For about a year before the George Square riot, the Beatstalkers had been building an audience throughout Scotland for their blue-eyed soul and rhythm and blues. Every gig in every city and town would be sold out and when their manager made contact with the Moody Blues' manager, John Fenton, and Fenton duly arrived in Glasgow with the Moodies' record producer, Denny Cordell, in tow, it seemed a foregone conclusion that the Beatstalkers' popularity would transfer automatically to the wider market.

They set off for London, where they quickly established a successful residency at the Marquee club, but their record company, Decca, and management steered them towards a different kind of song to the ones they'd built their success on in Scotland.

"We wanted our first single to be Nina Simone's Gin House coupled with The Tams' Hey Girl Don't Bother Me because we'd played them live and we already had strong versions of them and they were going down well with our fans," says Mair. "But we were told that original songs, specially written for us, was the way to go and I suppose it was the classic case of a naïve band being led by people who'd had success in the business."

Other factors were against them. One single, Everybody's Talking About My Baby, says Mair, actually sold 200,000 copies in Scotland alone but at the time only two shops in Scotland registered sales for the charts and the Beatstalkers stalled at Number 37 when, on sales, the record would have reached the Top 10. A change of label, to CBS, and songs from an emerging star in his own right, David Bowie, didn't change their fortunes and towards the end of the 1960s they went their separate ways professionally, although they remained friends.
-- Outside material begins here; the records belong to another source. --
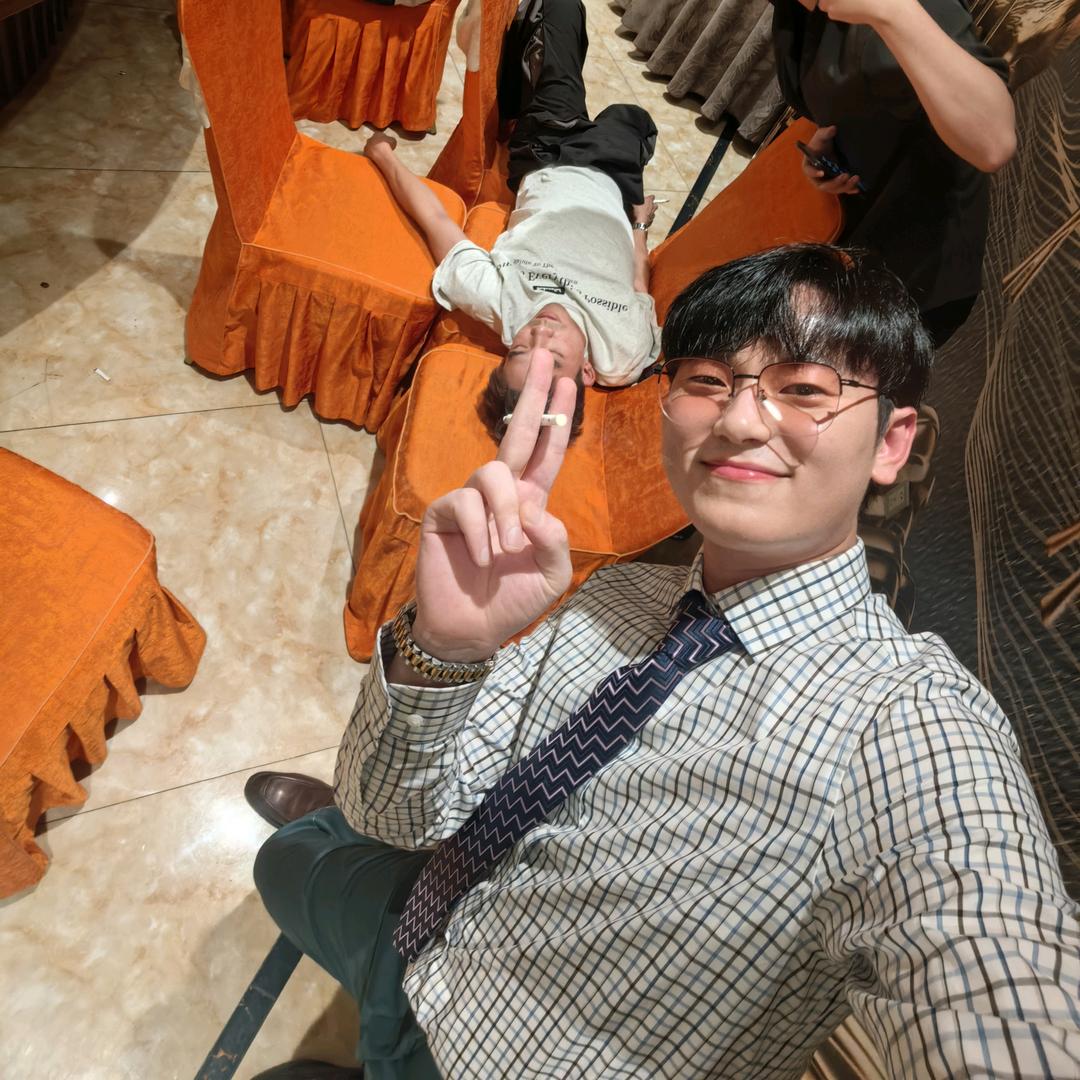 徐有志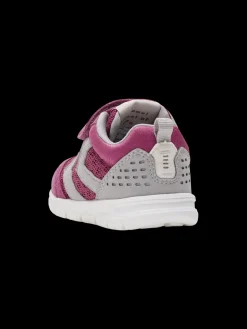 CROSSLITE INFANT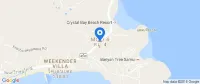 Silavadee Pool Spa Resort - Boutique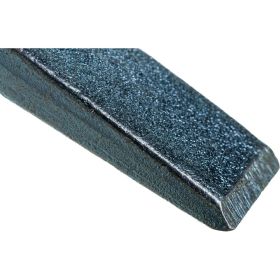 Зубило НИЗ 160 мм FIT 46841 (артикул 15097487) – фото 4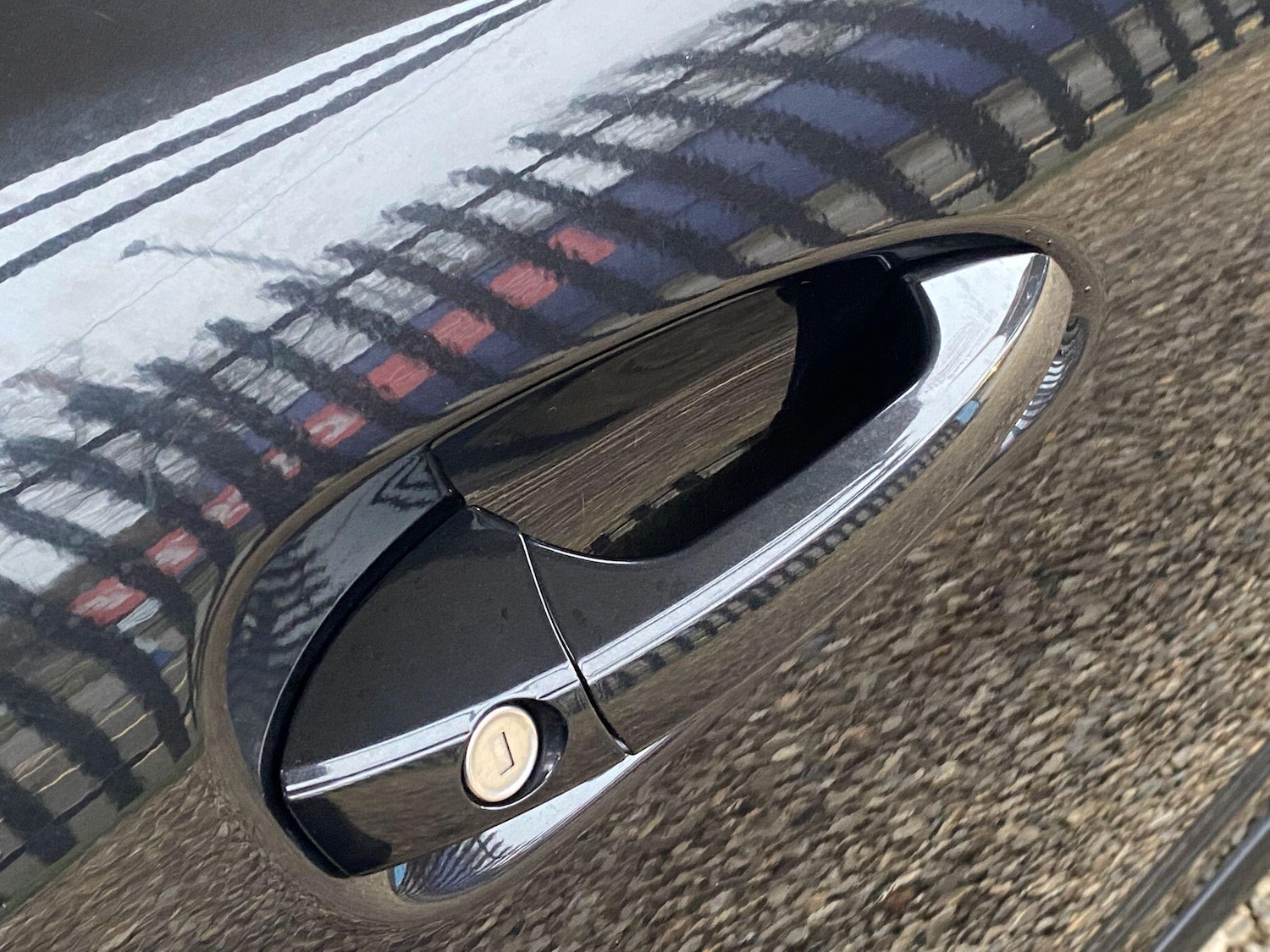 Used Mercedes-Benz SLK 2015 for sale - 77646398: Photo 26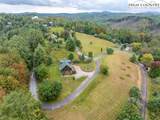 275 Esther Lane - Photo 5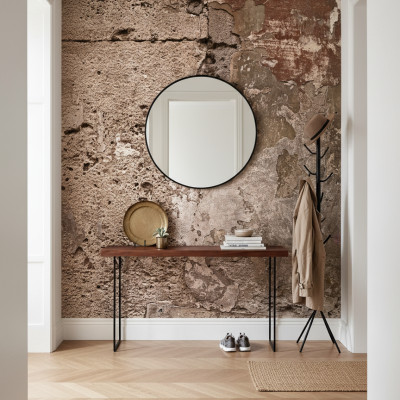 Urban Patchwork Canvas - personalised, SimplyWalls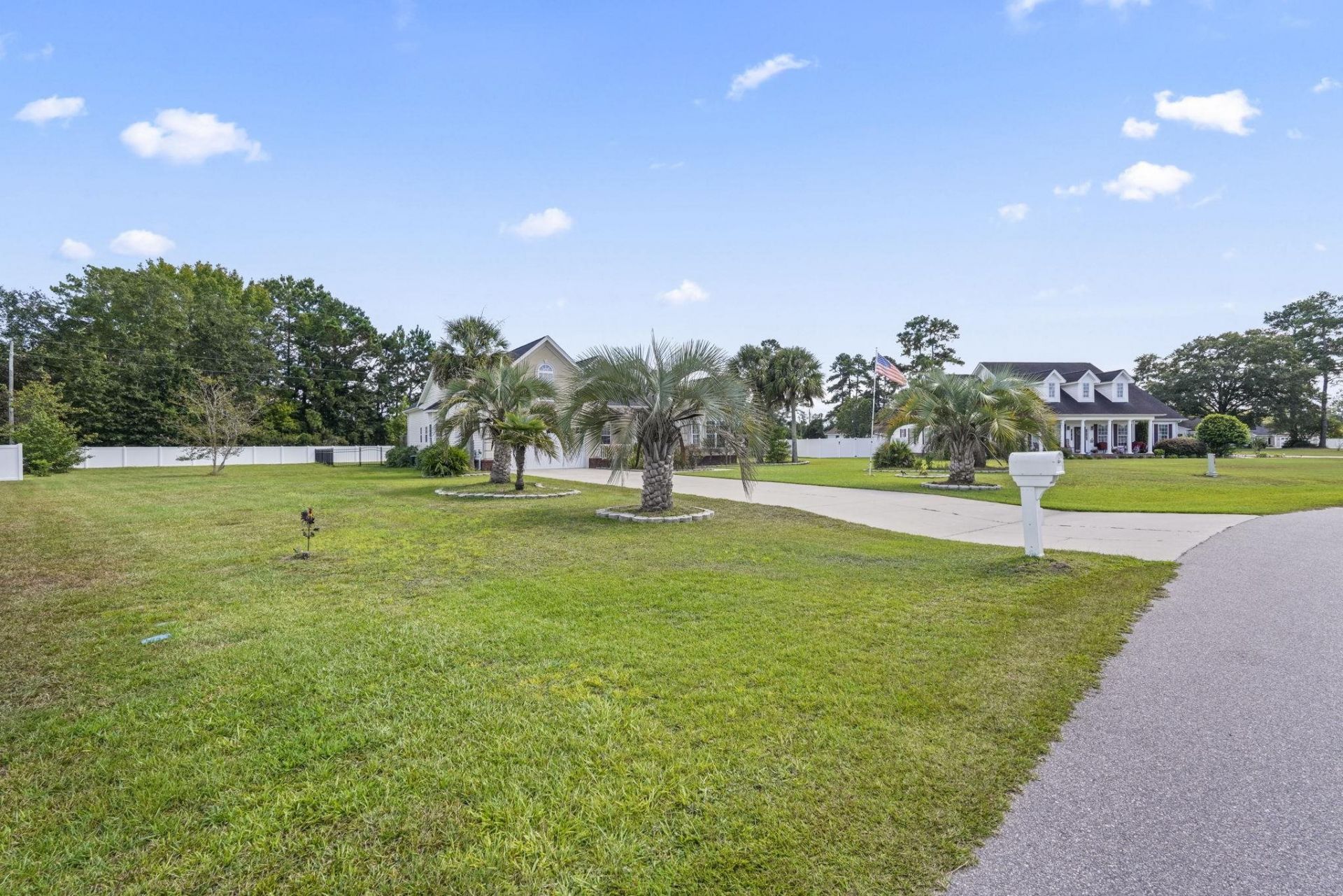3712 Faith Dr. Photo 46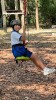 Thumbs/tn_2024-10-22 12 11 07.jpg
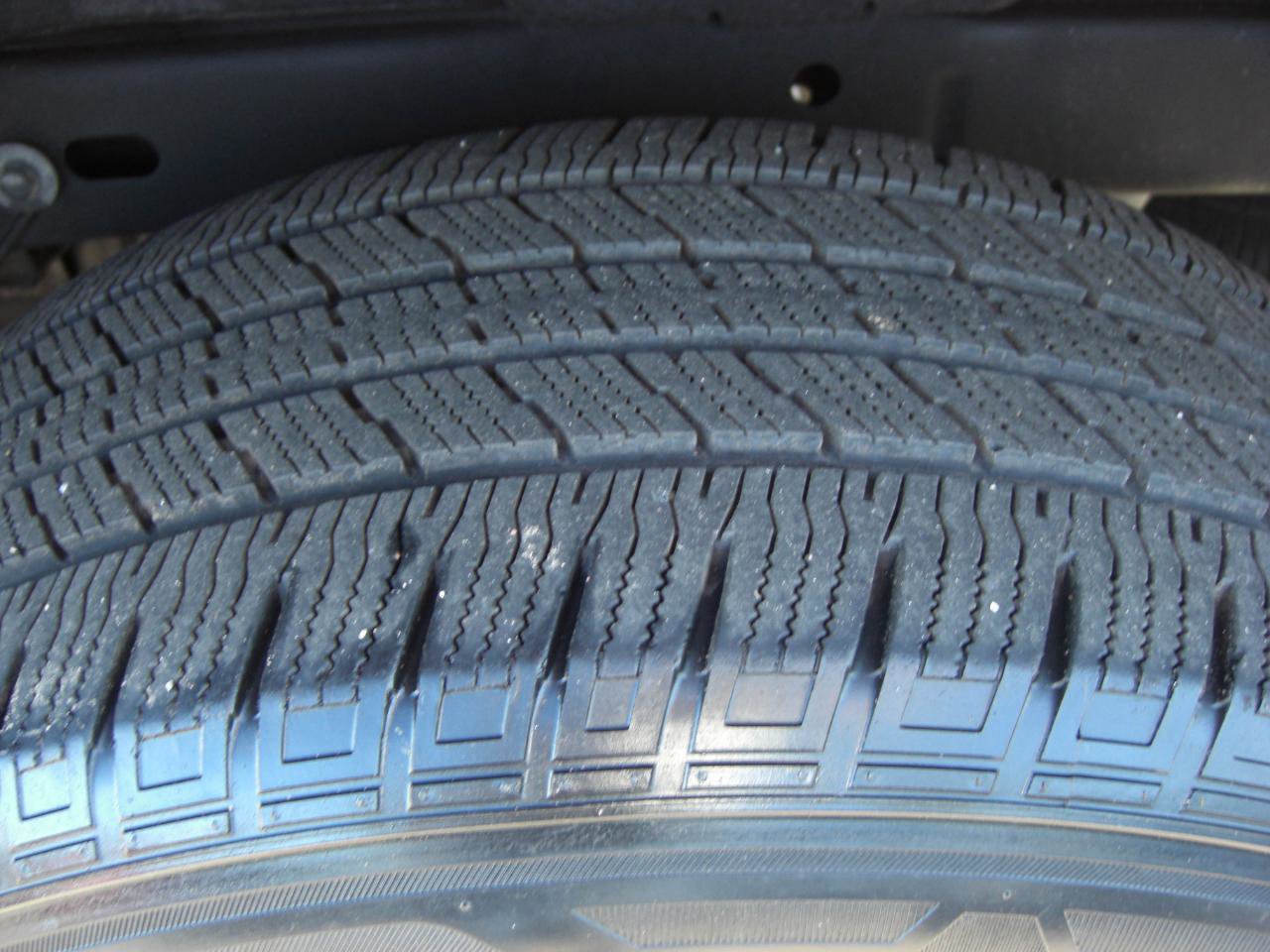 Used 2018 GMC Canyon SLT w/ Driver Alert Package image 5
A retrospective CD and a reunion gig at the Barrowland Ballroom in Glasgow in 2005 showed them that interest in the Beatstalkers remained keen and the band enjoyed getting back together.

"I'd kept in touch with everybody except Eddie Campbell, our piano player, but he heard about the CD coming out and got in touch, and when we got together to play, it was like old times," says Mair.

"The guys in the band are probably my oldest friends. I went to school with Dave [Lennox], our singer, and I'd always see Ronnie [Smith, guitar] when I was back in Glasgow, and there's a really good feeling when we all meet up. It never really bothered us that we didn't make it bigger and we weren't disappointed in the end because we didn't fail on our terms. If we'd failed with songs we'd chosen, instead of songs that were chosen for us, we might have beaten ourselves up a bit."

For their Celtic Connections gig, the band will be without Campbell, who had a gig of his own he couldn't get out of, but they'll have British R'n'B legend Zoot Money, with whom drummer Jeff Allen works regularly, on keyboards in his place. They also have a brass section and backing vocalists, so it's a bigger show than the gigs they played in the 1960s.

"We're really pleased to be playing in the Arches," says Mair. "Because it'll feel like a club gig and it'll be a bit like Le Cave, which was just round the corner underneath another set of arches and was the hip gig to play back in the day. Alex Harvey's Big Soul Band, Blues Council, bands like that all played there – and eventually so did we. So although we've never played the Arches, it'll still be like being back in an old haunt."

The Beatstalkers play the Arches on Saturday with Hamish Stuart of the Average White Band.